During one of the latest Google Summer of Code projects, a colleague of mine implemented a system, which closed Linux kernel modules under callgraph dependencies. For each of 4000+ Linux drivers, it produced a dozen of files, on which it depended. And then another component had to compile each of these files, as it was a completely independent module with a stable and developed behavior. It was obvious that instead of compiling 50.000 - 100.000 of files, it should cache the result of their compilation.
This way we traded 10 Gb of memory for several days of running time. Worth it, isn't it?
What about convenience?
Caching could actually be extremely convenient to use and, especially, to insert into a developed application. Here's how caching code of my blog looks like:
It actually means "fetch from cache by the key provided, or, if no data for the key is stored, run the functional block provided to recalculate the data, save to cache, and return the thing, which was just calculated, instead". It's so much syntactic sugar, that it may even cause diabetes... but it's the most convenient caching interface I saw. Essentially, every time you perform memoization, you have to re-implement the exact steps (see that Fibonacci example above). And a good caching interface, like the Ruby binding for memcached featured here, includes that. You may view the Railscast about using memcached for caching this way.

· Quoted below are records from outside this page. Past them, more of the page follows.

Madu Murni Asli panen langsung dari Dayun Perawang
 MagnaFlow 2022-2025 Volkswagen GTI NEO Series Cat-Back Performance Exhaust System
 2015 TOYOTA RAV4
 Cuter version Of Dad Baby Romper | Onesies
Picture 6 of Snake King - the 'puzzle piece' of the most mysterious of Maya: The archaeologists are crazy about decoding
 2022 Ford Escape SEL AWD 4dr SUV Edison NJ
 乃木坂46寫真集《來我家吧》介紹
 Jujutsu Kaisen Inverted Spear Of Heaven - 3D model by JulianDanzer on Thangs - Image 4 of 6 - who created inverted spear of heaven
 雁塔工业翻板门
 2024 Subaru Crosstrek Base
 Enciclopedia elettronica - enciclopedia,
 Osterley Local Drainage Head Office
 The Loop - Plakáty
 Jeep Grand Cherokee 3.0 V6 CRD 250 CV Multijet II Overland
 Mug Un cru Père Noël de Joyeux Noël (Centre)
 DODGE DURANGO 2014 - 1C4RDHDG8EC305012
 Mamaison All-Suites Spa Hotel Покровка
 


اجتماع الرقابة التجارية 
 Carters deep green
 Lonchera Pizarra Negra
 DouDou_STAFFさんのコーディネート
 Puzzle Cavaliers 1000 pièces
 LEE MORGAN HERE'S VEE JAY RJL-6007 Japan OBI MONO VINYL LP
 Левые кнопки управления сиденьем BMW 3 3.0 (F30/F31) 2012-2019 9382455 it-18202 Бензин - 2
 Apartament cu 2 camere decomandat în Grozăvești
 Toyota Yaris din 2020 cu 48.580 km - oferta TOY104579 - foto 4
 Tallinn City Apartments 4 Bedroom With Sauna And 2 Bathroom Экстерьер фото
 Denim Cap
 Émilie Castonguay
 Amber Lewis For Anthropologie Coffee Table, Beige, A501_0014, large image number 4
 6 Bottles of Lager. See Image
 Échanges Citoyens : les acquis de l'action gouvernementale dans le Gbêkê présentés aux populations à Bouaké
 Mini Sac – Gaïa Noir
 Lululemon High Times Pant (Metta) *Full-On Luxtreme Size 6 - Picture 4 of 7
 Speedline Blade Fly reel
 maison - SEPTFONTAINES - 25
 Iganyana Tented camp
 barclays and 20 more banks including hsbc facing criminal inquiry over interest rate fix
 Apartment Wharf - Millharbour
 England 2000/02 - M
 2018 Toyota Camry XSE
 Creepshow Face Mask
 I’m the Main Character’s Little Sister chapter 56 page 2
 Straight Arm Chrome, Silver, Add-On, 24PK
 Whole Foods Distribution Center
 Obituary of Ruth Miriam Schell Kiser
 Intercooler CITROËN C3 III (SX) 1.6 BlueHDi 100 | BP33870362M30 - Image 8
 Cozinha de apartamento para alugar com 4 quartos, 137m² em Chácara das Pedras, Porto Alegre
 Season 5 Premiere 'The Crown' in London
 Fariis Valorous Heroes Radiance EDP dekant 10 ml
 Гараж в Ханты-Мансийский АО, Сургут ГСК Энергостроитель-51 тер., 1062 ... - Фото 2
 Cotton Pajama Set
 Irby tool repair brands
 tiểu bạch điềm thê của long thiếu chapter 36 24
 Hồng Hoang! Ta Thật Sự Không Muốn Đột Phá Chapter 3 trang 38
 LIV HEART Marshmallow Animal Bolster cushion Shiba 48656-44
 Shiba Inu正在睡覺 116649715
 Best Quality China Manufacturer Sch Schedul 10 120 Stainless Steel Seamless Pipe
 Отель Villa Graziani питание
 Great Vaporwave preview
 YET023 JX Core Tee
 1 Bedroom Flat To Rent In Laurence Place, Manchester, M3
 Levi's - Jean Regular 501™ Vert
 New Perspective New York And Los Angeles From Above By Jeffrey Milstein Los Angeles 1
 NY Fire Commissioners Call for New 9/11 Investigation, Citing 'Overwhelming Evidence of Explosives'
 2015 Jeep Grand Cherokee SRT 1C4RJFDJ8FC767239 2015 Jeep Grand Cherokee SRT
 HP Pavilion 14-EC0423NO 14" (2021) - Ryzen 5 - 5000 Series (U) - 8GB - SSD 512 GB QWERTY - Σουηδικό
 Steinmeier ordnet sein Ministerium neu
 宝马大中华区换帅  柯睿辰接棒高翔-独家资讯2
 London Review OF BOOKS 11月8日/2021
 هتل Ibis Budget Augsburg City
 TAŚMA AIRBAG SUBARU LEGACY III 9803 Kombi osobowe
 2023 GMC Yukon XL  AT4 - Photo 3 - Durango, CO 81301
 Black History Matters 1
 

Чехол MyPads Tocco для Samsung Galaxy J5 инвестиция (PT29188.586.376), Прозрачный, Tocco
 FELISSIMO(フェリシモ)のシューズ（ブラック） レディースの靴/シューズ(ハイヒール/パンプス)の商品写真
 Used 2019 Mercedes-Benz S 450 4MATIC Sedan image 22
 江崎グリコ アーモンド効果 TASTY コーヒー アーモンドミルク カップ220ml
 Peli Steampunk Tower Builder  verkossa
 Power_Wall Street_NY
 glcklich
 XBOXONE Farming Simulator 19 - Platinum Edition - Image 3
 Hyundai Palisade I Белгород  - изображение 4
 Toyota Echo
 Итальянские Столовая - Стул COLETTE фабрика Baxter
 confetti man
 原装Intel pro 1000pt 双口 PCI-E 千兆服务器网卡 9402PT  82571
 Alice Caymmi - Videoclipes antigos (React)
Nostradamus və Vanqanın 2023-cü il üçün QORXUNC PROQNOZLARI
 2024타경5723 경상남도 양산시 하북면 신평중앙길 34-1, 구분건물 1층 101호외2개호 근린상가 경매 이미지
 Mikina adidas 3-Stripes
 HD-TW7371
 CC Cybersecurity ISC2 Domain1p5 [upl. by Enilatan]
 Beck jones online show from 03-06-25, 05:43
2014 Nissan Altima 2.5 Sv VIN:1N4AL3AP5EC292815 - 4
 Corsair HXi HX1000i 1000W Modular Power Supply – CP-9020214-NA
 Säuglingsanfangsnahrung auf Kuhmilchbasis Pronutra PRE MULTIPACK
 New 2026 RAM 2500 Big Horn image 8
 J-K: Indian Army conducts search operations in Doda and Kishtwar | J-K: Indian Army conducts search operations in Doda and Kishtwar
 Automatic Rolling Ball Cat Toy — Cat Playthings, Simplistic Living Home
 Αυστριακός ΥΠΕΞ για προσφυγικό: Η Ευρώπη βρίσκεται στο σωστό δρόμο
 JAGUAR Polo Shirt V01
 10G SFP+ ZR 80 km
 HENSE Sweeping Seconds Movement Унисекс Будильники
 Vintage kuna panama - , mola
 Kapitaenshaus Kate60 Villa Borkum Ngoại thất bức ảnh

Most likely, you'll not need any rewrite of code of the components you want to introduce caching to. In the example above, which featured database prefetching the code was inserted to fetch-one-row function, which secretly prefetched and queried the local cache on each invocation.
Caching also provides you certain tuning capabilities. You can limit the cache size, and discard Least Recently Used items if you're going to exceed its size. This allows you to tune, how much memory you'll trade for performance, and it works in quote a straightforward, measurable way. Just like levers.
Conclusion
Of course, caching can't help in all situations where you have performance problems. If you're unsure if you will be able to employ caching, do the modelling, as wise men suggest.
However, caching helped me in many situations so far, and I seem to be saying, "don't worry, we'll cache this" too often to avoid being called a caching fan.